You can download all the scripts for this article here
SQL Server Job Schedules
By default each of job has only one schedule that is set to Start automatically when SQL Server Agent starts. This schedule ensures that when ever the SQL Server Agent service is started all the replication components are also put into action. This is OK and makes sense but there is one problem with this default configuration that needs improvement - if for any reason one of the components fails it remains down in a stopped state.
Unless you monitor the status of each component you will typically get to know about such a failure from a customer complaint as a result of missing data or data that is not up to date at the subscriber level. Furthermore, having any of these components in a stopped state can lead to more severe problems if not corrected within a short time.
The action required to improve on this default settings is in fact very simple. Adding a second schedule that is set as a Daily Reoccurring schedule which runs every 1 minute does the trick. SQL Server Agentís scheduler module knows how to handle overlapping schedules so if the job is already being executed by another schedule it will not get executed again at the same time. So, in the event of a failure the failed job remains down for at most 60 seconds.
Many DBAs are not aware of this capability and so search for more complex solutions such as having an additional dedicated job running an external code in VBS or another scripting language that detects replication jobs in a stopped state and starts them but there is no need to seek such external solutions when what is needed can be accomplished by T-SQL code.
SQL Server Jobs Status
In addition to the 1 minute schedule we also want to ensure that key components in the replication are enabled so I can search for those components by their Category, and set their status to enabled in case they are disabled, by executing the stored procedure MonitorEnableReplicationAgents.
The jobs that I typically have handled are listed below but you may want to extend this, so below is the query to return all jobs along with their category.
SELECT category_id, name FROM msdb.dbo.syscategories ORDER BY category_id;
* Distribution Cleanup
* LogReader Agent
* Distribution Agent
Snapshot Agent Jobs
By default when a publication is created, a snapshot agent job also gets created with a daily schedule. I see more organizations where the snapshot agent job does not need to be executed automatically by the SQL Server Agent scheduler than organizations who need a new snapshot generated automatically. To assure this setting is in place I created the stored procedure MonitorSnapshotAgentsSchedules which disables snapshot agent jobs and also deletes the job schedule.

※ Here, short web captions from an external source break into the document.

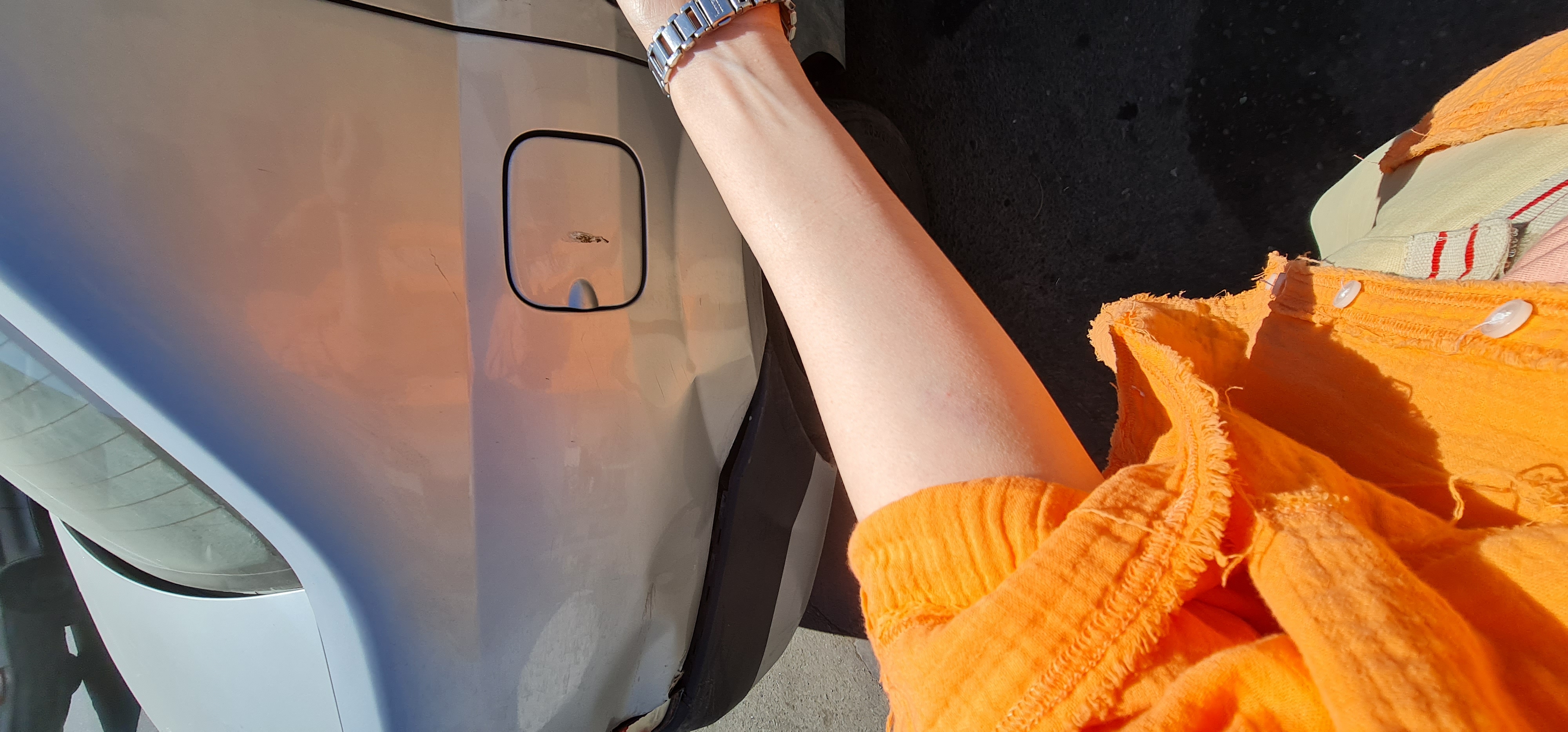 بلوز نارنجی که در آن نمردم و گلگیری که فرو رفت.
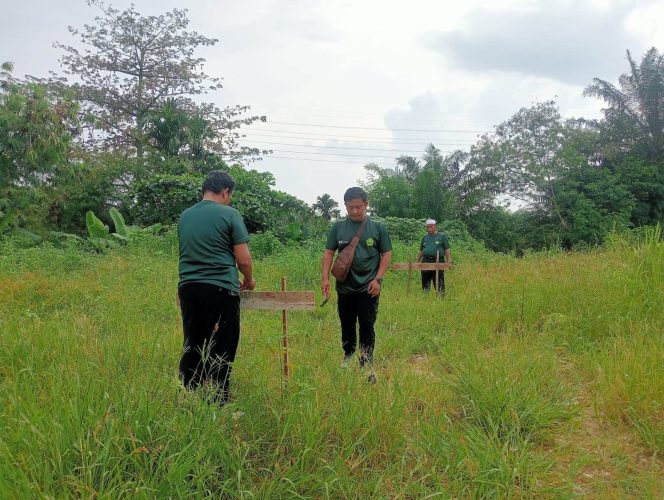 
					Patok Kiblat Mushola Kembali di Pasang, Warga Apresiasi Kinerja Kapolsek Bina Widya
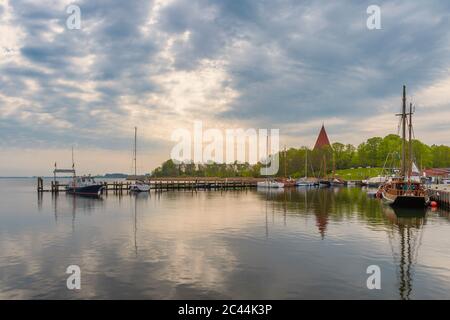 Allemagne, Mecklenburg-Vorpommern, Poel Island, Kirchdorf, port Banque D'Images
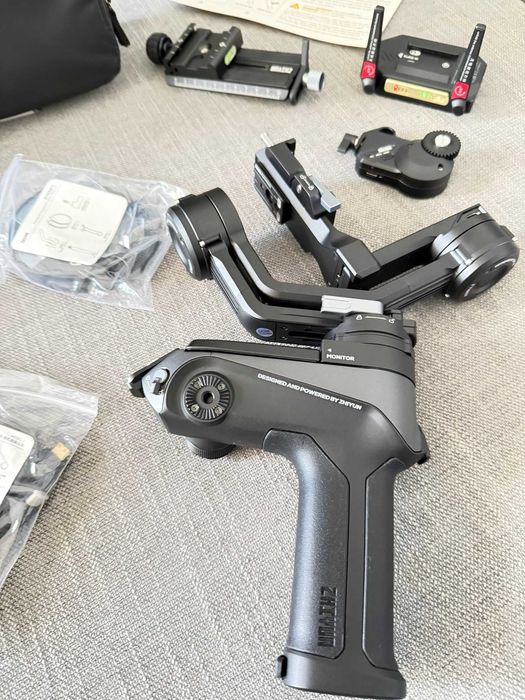 Zhiyun-Tech Weebill 2 Pro Kit – Stabilizator Gimbal 3 Axe (ca nou)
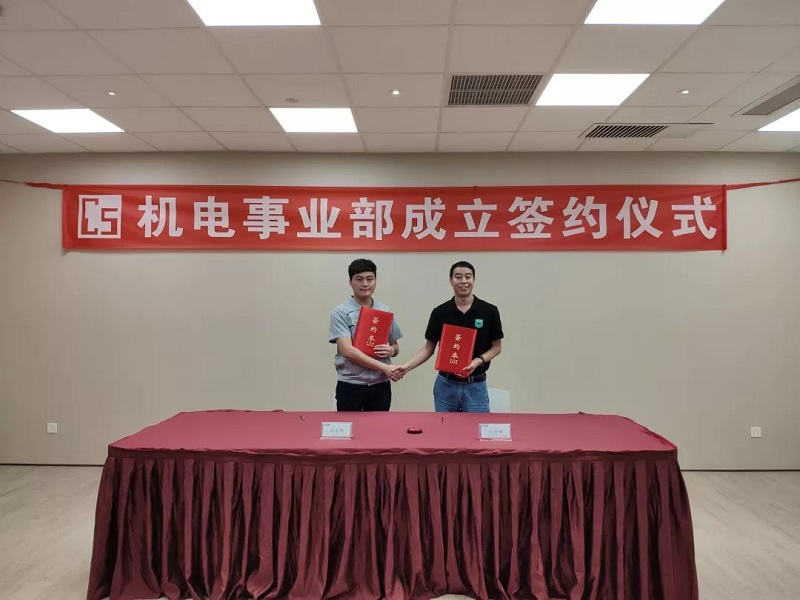 3.webp.jpg 3.webp.jpg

It is worth mentioning that when the publication property immediate_sync is turned off then the snapshot files are not created when the Snapshot agent is executed by the job. You control this property when the publication is created with a parameter called @immediate_sync passed to sp_addpublication and for an existing publication you can use sp_changepublication.
The scripts assume the existence of a database named PerfDB.
1. Run the scripts to create the stored procedures in the PerfDB database.
2. Create a job that executes the stored procedures every hour.